Никогда не забуду того дня, в который я почувствовала, что стала актрисой. Сцена в «Театр де Пари». 1350 пустых кресел. И только одно место в пятом ряду занято. За режиссерским пультом Лукино Висконти, холодный, придирчивый наблюдатель, молчание которого может убить кого угодно. Он не говорит ни слова. Значит, не доверяет мне, если не говорит, как я работаю. Я чувствую себя предательницей, и это чувство растет во мне день ото дня, как кошмар. Ален не может мне помочь. Никто не может мне помочь, кроме Висконти. Ален — типичный киношник. Он хочет попробовать себя на сцене, но театр его не привлекает. Я чувствую себя связанной традицией, и она обязывает.
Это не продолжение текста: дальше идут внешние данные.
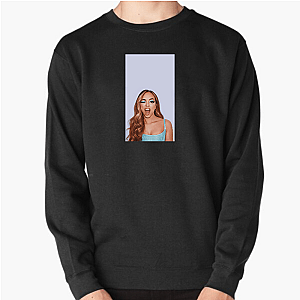 Jade Thirlwall Pop Queen Energy Jade Thirlwall Sweatshirts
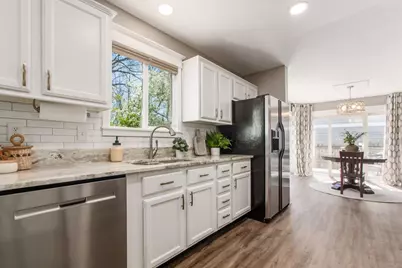 1656 Jupiter Avenue, Hilliard, OH 43026 - Photo 11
Я думаю о моей бабушке, чудесной, незабываемой актрисе Бургтеатра Розе Альбах-Ретти, и в свои восемьдесят пять лет продолжающей нравиться публике. Она всегда хотела, чтобы я стала театральной актрисой. И вот теперь я играю в театре, к тому же на чужом языке. Вспоминаю своего отца Вольфа Альбах-Ретти, свою мать и говорю себе: «Ты не должна их опозорить».
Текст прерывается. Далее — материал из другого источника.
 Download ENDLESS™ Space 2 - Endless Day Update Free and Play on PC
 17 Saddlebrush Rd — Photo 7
На первую репетицию я пришла в брюках, но Висконти настоял, чтобы я переоделась в длинную юбку. Она помогла мне почувствовать себя Аннабеллой, После многочисленных костюмных фильмов у меня не было проблем с длинной юбкой. Я всегда чувствовала себя именно тем персонажем, костюм которого носила. Правильные движения сами приходили ко мне. Но сейчас все было по-другому. Я робела на сцене. Она казалась мне длиной в несколько километров. Не знала, что делать с руками, они болтались без нужды, как плети. Я постоянно внушала себе: ты должна это делать, ты достаточно подготовлена для этого. Но что-то меня смущало.
Висконти во время репетиций сильно повредил колено и потому ходил с тростью. Он клал руки на ручку трости и внимательно следил за мной. В центральной сцене вместо безумного смеха я издала какое-то жалкое хныканье. Висконти сказал: «Я тебя не слышу». Это была его тактика. Он хотел меня помучить и подготовить к дальнейшим испытаниям. После одной долгой тирады, которую я произносила по-итальянски, Висконти откинулся на спинку стула и долго хохотал. Но это было только начало, худшее ждало впереди. Нужно было спеть песню по-итальянски. Композитор долго занимался со мной. И вот однажды Висконти сказал мне: «Песню... » Я растерялась и попросила перенести репетицию на завтра. Минута молчания, и потом разражается гроза. «Если ты не споёшь сейчас, значит, ты не споёшь никогда. Можешь отправляться домой». Его трость указала на дверь. «До свидания, мадемуазель!» И я запела тоненьким, дрожащим голоском сжавшегося в комочек ребенка, покрытого от страха гусиной кожей. А Висконти только повторял: «Дальше, дальше!». Вдруг я почувствовала себя в форме, и не нужно было пить шампанское, которое меня всегда взбадривало. Чувство неполноценности ушло.